The interpreter had an American accent, he tells me that he
never been to America and he learned English in Tahran. Every photo on my phone
and camera brought to me printed. He wanted me to explain all of them. I demand
for consulate as I do not know how to answer his questions. He comes back again
about an hour later. I begin criticizing his country. I tell my country is not
like here. People can wear anything they want. They do not have to wear all
black and cover their hair. This is not freedom. I tell home I miss my country
so much. I just wanna go to my country and I will never come to Iran again. Why
are you not being friends with America I ask, it’s better for Iran. I’m
American people wants for better Iran too. I’m sure all the people wants better
things for other people. There is no need to be enemies. Iran should not close
itself to outside. If building nuclear station making enemies outside, don’t
build it. Iranian people loosing so much.

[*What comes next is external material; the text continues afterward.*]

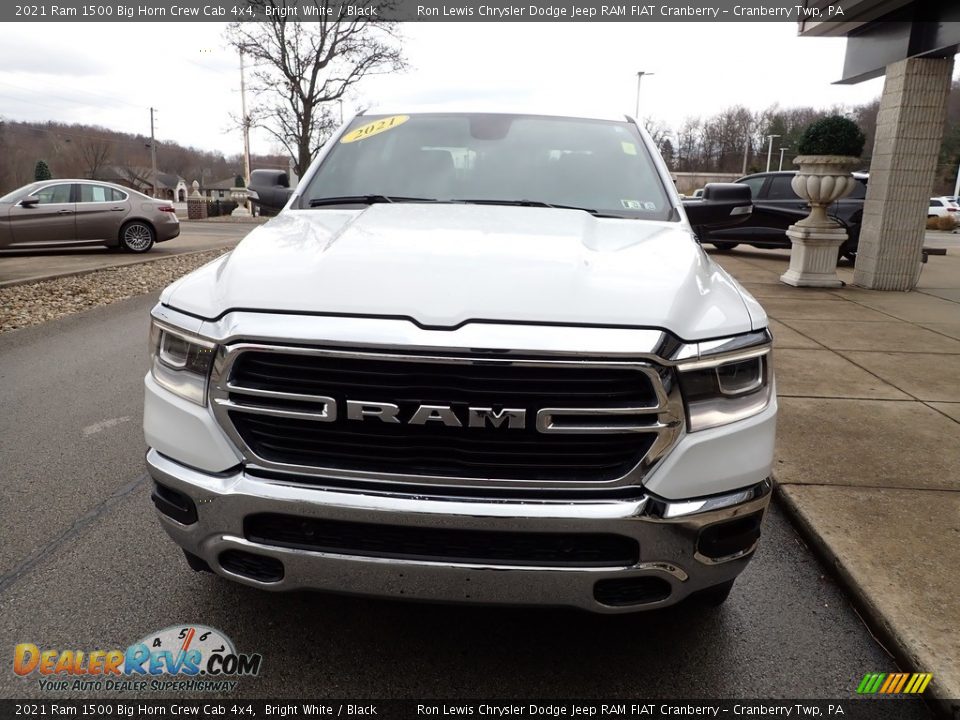 2021 Ram 1500 Big Horn Crew Cab 4x4 Bright White / Black Photo #3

Iran is a very rich country and a
strong culture and part of the Earth. People wants to see this place, if they
feel safe to do so. I come here to see this part of the Earth, I do not harm
anyone, I’m not a thief, why is this happening to me, I ask the interpreter.
I think I make him sad, he agrees some of what I said, I
think he sees that I’m a good person. He tells of you will come to Iran again,
Iran is a Sharia country, people cover their had. He is looking for a reason to
let me go I feel. He still wants to make sure, but I happen to be here, you
know. He calls me to another room. I was acting worried. He gets close to me,
put his hand on my neck, like whatever he does there with his hand on my neck,
he can get away with. I begin to cry. He looks worried. Why do you cry he says.
I never been blindfolded I say. I’m just a tourist, I miss my country, I just
want to go to my country, I say. I think there I give him the ignition. There
then, I’m allowed to go to my hotel. And my passport will be brought to me round
mid-day. He tells me that I’m going to be blindfolded again, as this building
is a secret. If asks me if I’m going to be ok with this. I say not, then he
tells me that I’m going to be in a brace position until they think no longer
necessary. I agree. I could see it was a four story building, another building shadow
close to it and the car was parked 1/3 way on a steep hill. My head put down in
the car. The driver takes many shortcuts, I think for me to not memorise the
way there. On the main road I’m allowed,
I look through the window. I see street baggers. Teenagers inhaling on glue and
their waste little green patch on the crossway. Families made the park their
home, practically cooking, sleeping, washing in the open. I think the journey I
was like 20 minutes or so. The place was inside the city definitly.
I should have talk to the people in the museum, ask them If
I can join them. I don’t think this would have happened to me.